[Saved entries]

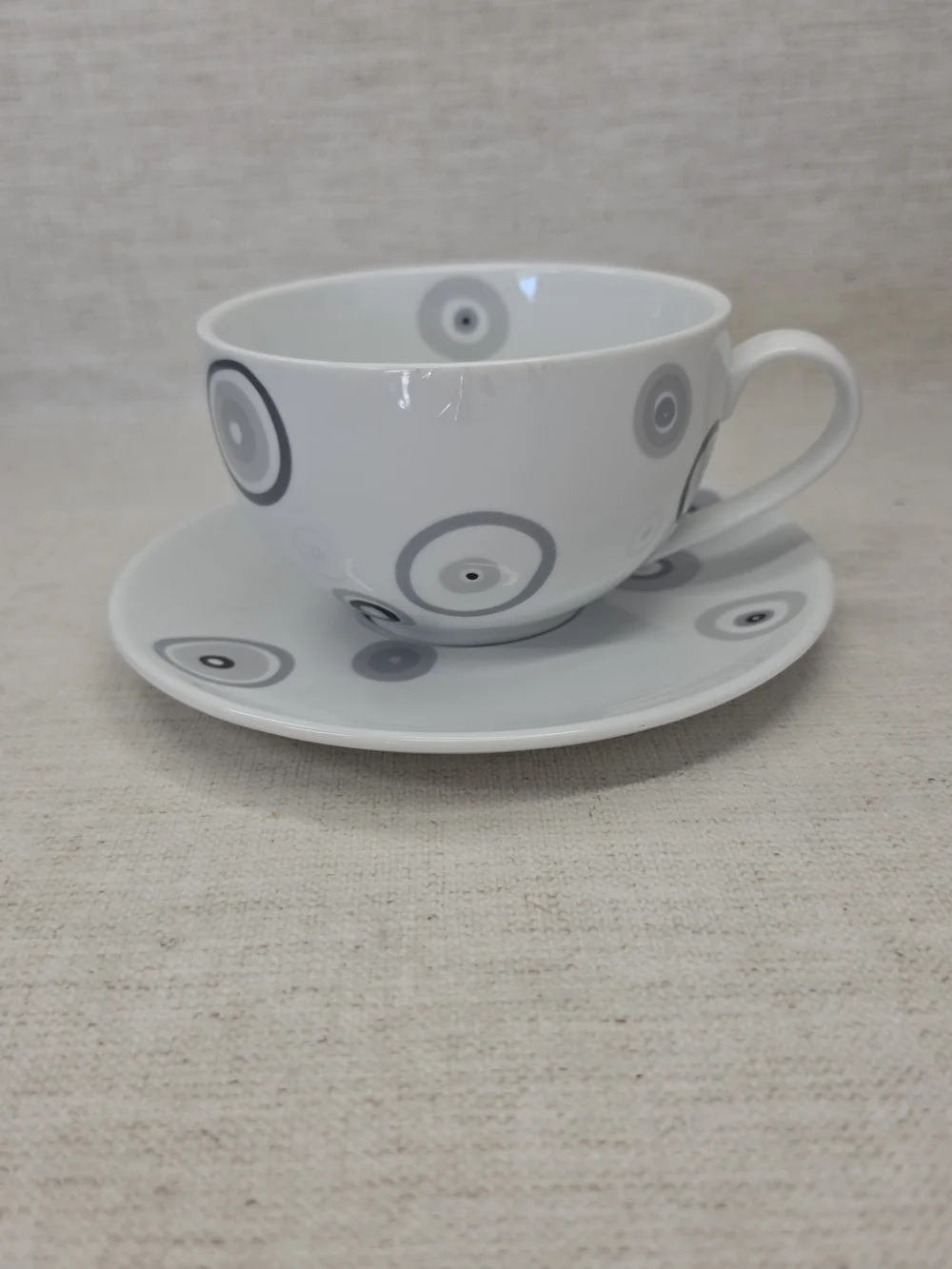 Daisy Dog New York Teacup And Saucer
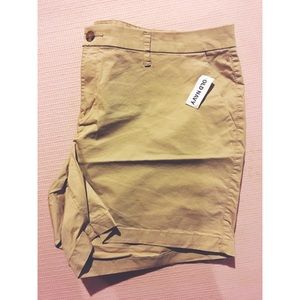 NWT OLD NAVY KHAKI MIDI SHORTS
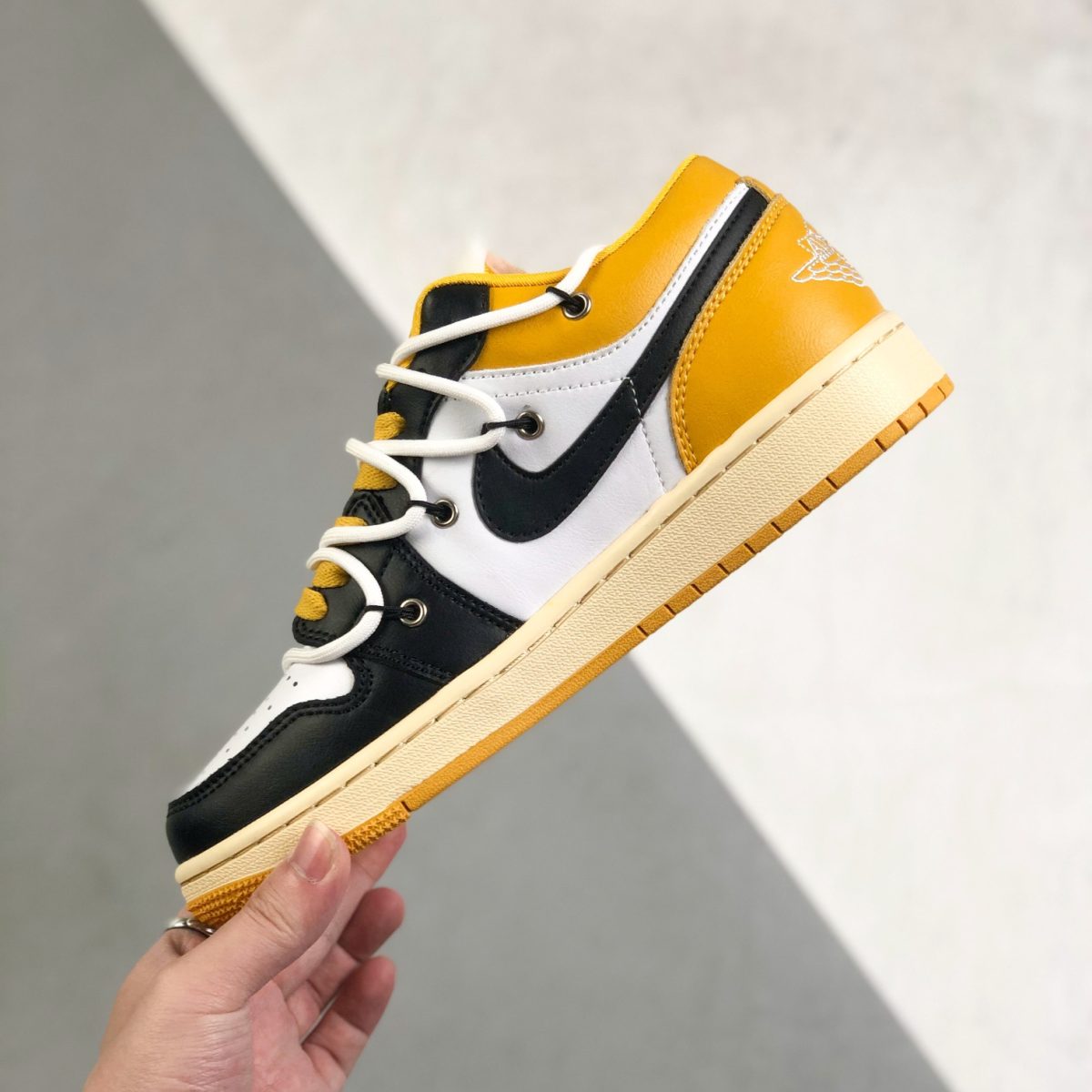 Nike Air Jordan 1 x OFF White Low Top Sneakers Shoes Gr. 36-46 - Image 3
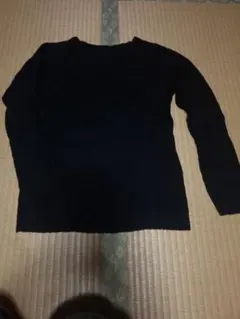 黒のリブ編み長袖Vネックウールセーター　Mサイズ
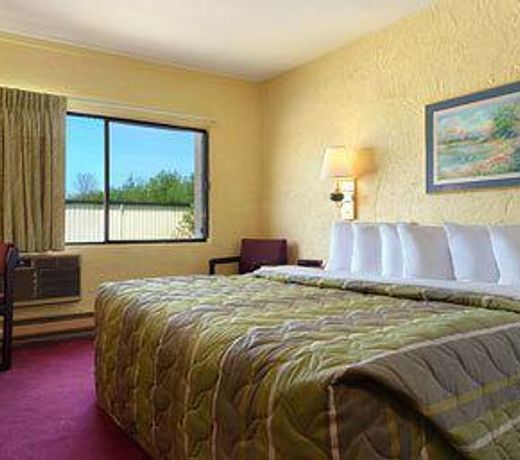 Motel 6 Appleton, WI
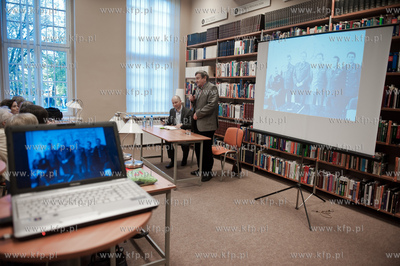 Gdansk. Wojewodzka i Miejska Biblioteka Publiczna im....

PROBLEM DESCRIPTION » The data above must be written out again without alteration, and the pictures in them must be excluded.

EXERCISE RESULT »
 Daisy Dog New York Teacup And Saucer
 NWT OLD NAVY KHAKI MIDI SHORTS
 Nike Air Jordan 1 x OFF White Low Top Sneakers Shoes Gr. 36-46 - Image 3
 黒のリブ編み長袖Vネックウールセーター　Mサイズ
 Motel 6 Appleton, WI
 Gdansk. Wojewodzka i Miejska Biblioteka Publiczna im....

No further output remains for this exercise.